Re: [Nmlrg] links to each slide of presentations//RE: slides of NMLRG #3, June 27th, Athens

Hi David,

Pardon for jump in the thread. A couple of comments inline.

发件人: nmlrg [mailto:nmlrg-bounces@irtf.org] 代表 David Meyer
发送时间: 2016年6月29日 18:36
收件人: Sheng Jiang
抄送: nmlrg@irtf.org
主题: Re: [Nmlrg] links to each slide of presentations//RE: slides of NMLRG #3, June 27th, Athens

On Wed, Jun 29, 2016 at 1:10 AM, Sheng Jiang <jiangsheng@huawei.com<mailto:jiangsheng@huawei.com>> wrote:

Hi, David,

Thanks so much for your email. I am sharing the same concern you have. Actually, this Monday in our NMLRG #3, Athens, we did discussed this issue regarding to the potential standardized dataset. And we are planning to have an open discussion to regarding to the requirements and validation qualification of the potential common dataset in the coming NMLRG #4, Berlin, IETF96.

Looking forward to it.

However, upto now, I have serveral concerns. Firstly, before we could discuss such dataset, we need to narrow our target scenarios to a few very specific use cases, giving that there are so many various scenarios in the network area and they are so different from each other and require different dataset.
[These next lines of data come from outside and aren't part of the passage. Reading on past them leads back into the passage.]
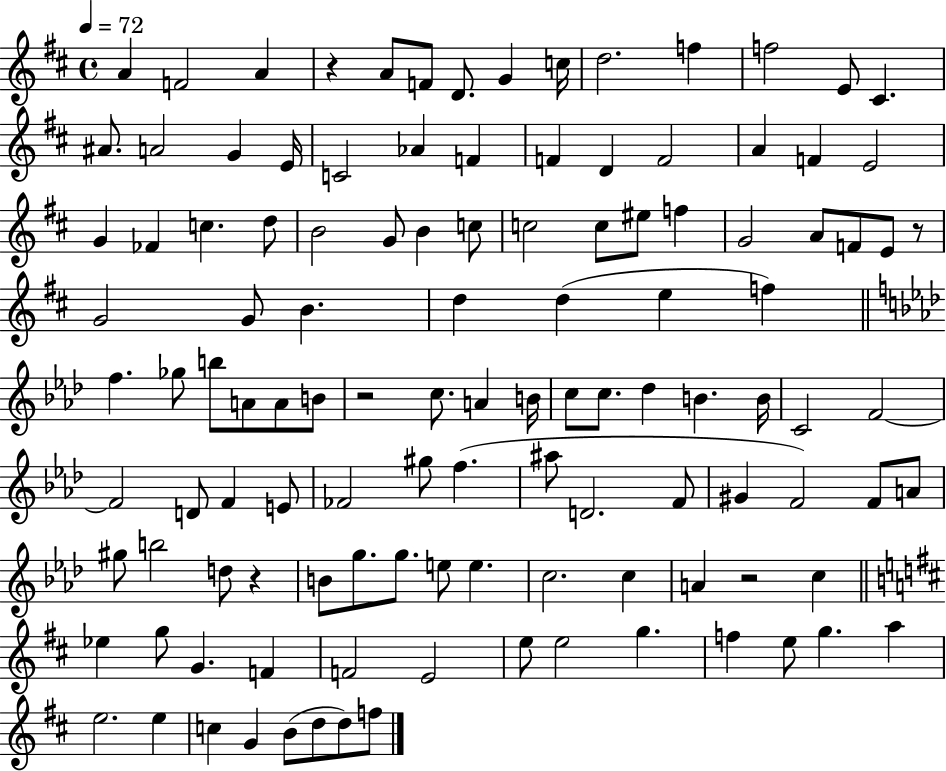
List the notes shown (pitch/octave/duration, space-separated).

A4/q F4/h A4/q R/q A4/e F4/e D4/e. G4/q C5/s D5/h. F5/q F5/h E4/e C#4/q. A#4/e. A4/h G4/q E4/s C4/h Ab4/q F4/q F4/q D4/q F4/h A4/q F4/q E4/h G4/q FES4/q C5/q. D5/e B4/h G4/e B4/q C5/e C5/h C5/e EIS5/e F5/q G4/h A4/e F4/e E4/e R/e G4/h G4/e B4/q. D5/q D5/q E5/q F5/q F5/q. Gb5/e B5/e A4/e A4/e B4/e R/h C5/e. A4/q B4/s C5/e C5/e. Db5/q B4/q. B4/s C4/h F4/h F4/h D4/e F4/q E4/e FES4/h G#5/e F5/q. A#5/e D4/h. F4/e G#4/q F4/h F4/e A4/e G#5/e B5/h D5/e R/q B4/e G5/e. G5/e. E5/e E5/q. C5/h. C5/q A4/q R/h C5/q Eb5/q G5/e G4/q. F4/q F4/h E4/h E5/e E5/h G5/q. F5/q E5/e G5/q. A5/q E5/h. E5/q C5/q G4/q B4/e D5/e D5/e F5/e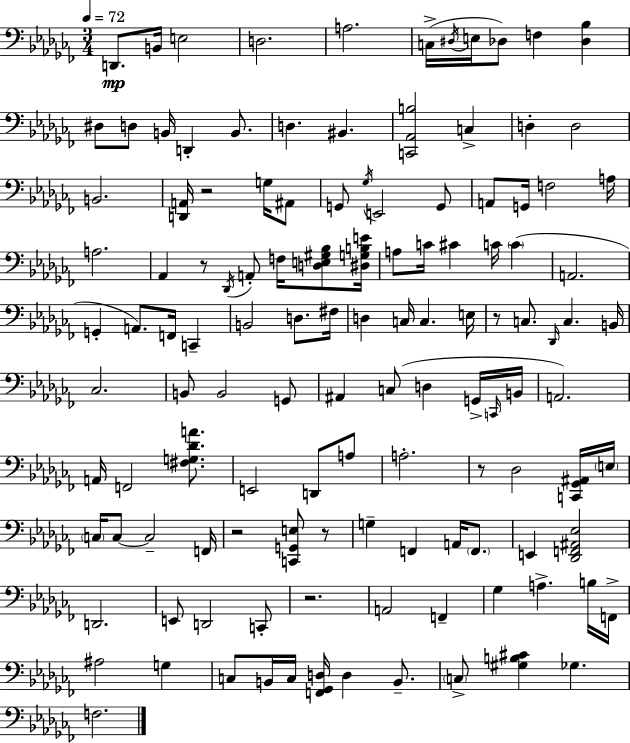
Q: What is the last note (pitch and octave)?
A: F3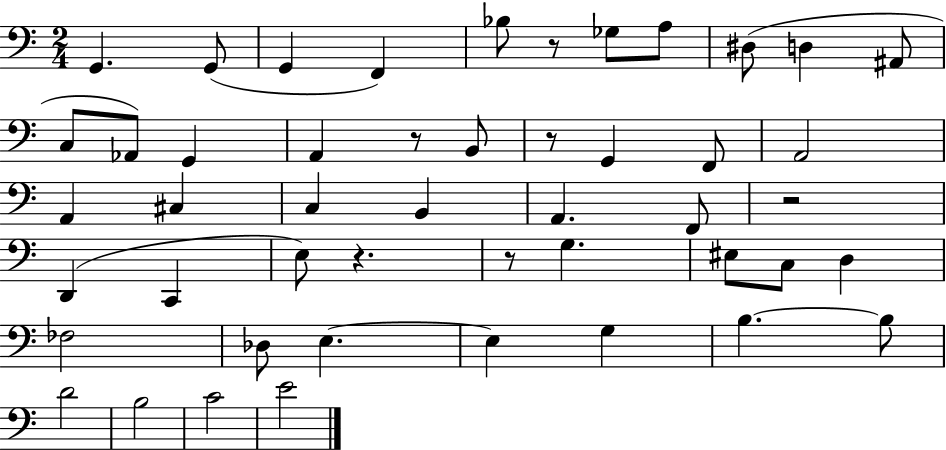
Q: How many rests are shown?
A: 6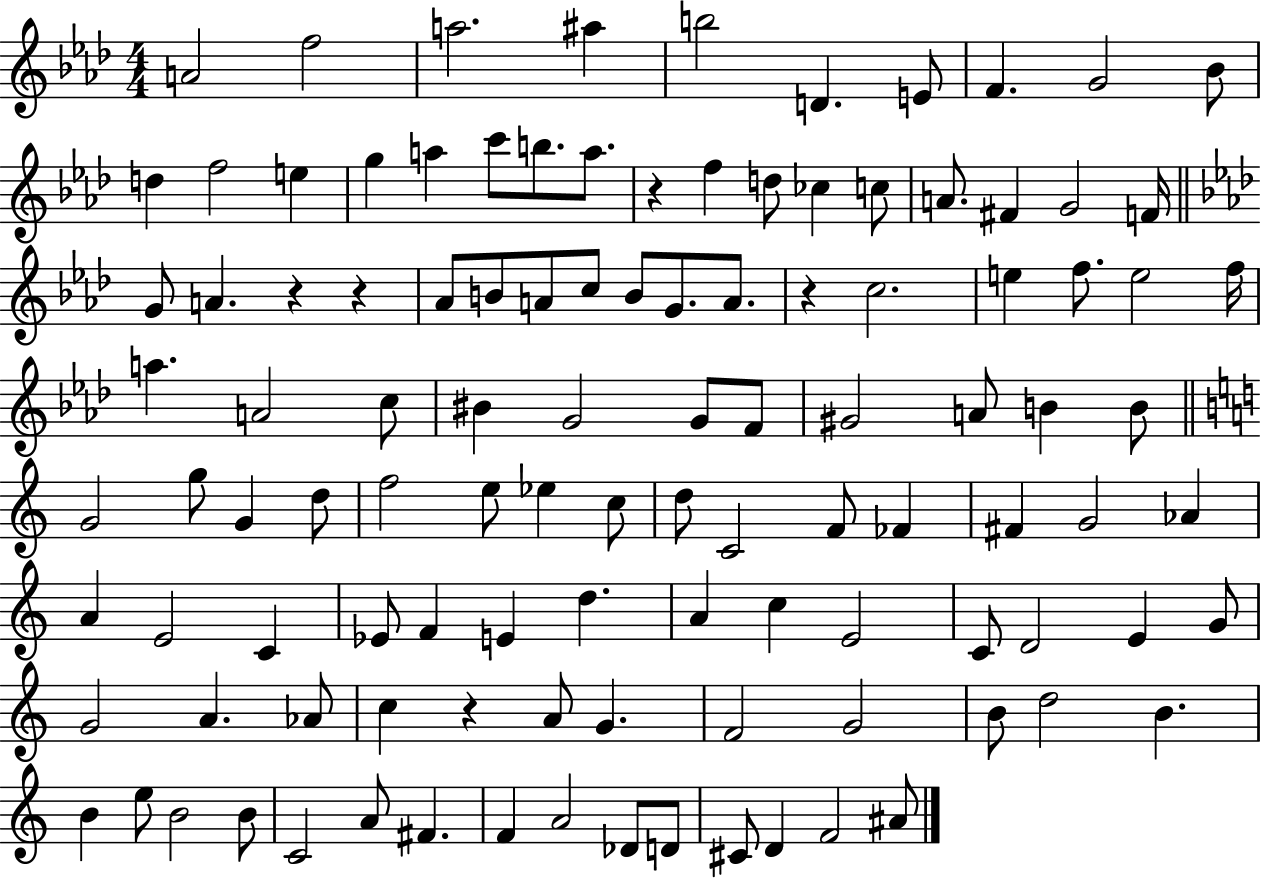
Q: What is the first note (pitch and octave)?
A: A4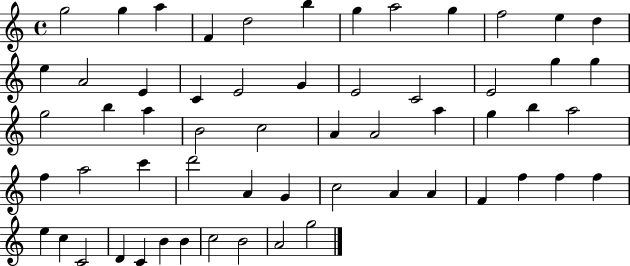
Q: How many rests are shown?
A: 0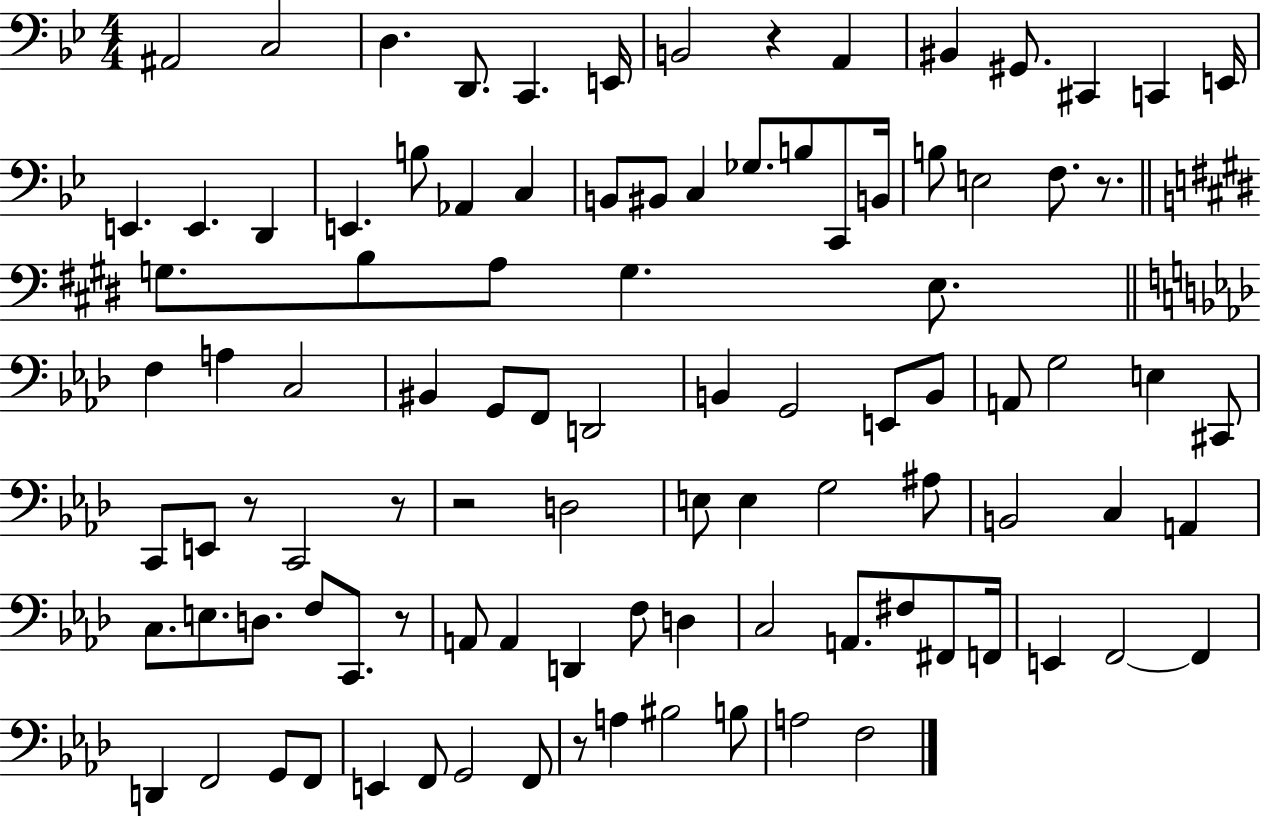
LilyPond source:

{
  \clef bass
  \numericTimeSignature
  \time 4/4
  \key bes \major
  \repeat volta 2 { ais,2 c2 | d4. d,8. c,4. e,16 | b,2 r4 a,4 | bis,4 gis,8. cis,4 c,4 e,16 | \break e,4. e,4. d,4 | e,4. b8 aes,4 c4 | b,8 bis,8 c4 ges8. b8 c,8 b,16 | b8 e2 f8. r8. | \break \bar "||" \break \key e \major g8. b8 a8 g4. e8. | \bar "||" \break \key aes \major f4 a4 c2 | bis,4 g,8 f,8 d,2 | b,4 g,2 e,8 b,8 | a,8 g2 e4 cis,8 | \break c,8 e,8 r8 c,2 r8 | r2 d2 | e8 e4 g2 ais8 | b,2 c4 a,4 | \break c8. e8. d8. f8 c,8. r8 | a,8 a,4 d,4 f8 d4 | c2 a,8. fis8 fis,8 f,16 | e,4 f,2~~ f,4 | \break d,4 f,2 g,8 f,8 | e,4 f,8 g,2 f,8 | r8 a4 bis2 b8 | a2 f2 | \break } \bar "|."
}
I'm hoping that not every network is not a one off. Rather, what we seek is to learn what are the fundamental properties of networks that can be the basis of reasoning about networks do. For example, we should be able to learn something from work done on transfer learning [0] and representation learning [1]. In the image recognition space there are even startups that provide pretrained AlexNet, GooLeNet, etc trained on ImageNet (and others) that you can further train/customize for your particular application. In any event, if every network requires something totally different then we haven't yet understood what is fundamental to the structure of our networks.

[Bing] In technical perspective, I think you’re raising an inspiring idea, and probably the future direction of this research field. OTOH, I also feel this might be too far away, where should we start?

Secondly, as we did talk with operators, the real data is the important properties for them. So, it would be almost impossible for them to share them. It leaves two possibilities on how to get dataset: a) generating dataset using simulation;

This likely won't work. For example, if you do this then try to train a DNN on that data set the NN will learn how the simulator works. This is unlikely to be the outcome that we'd like (we already know how the simulator works).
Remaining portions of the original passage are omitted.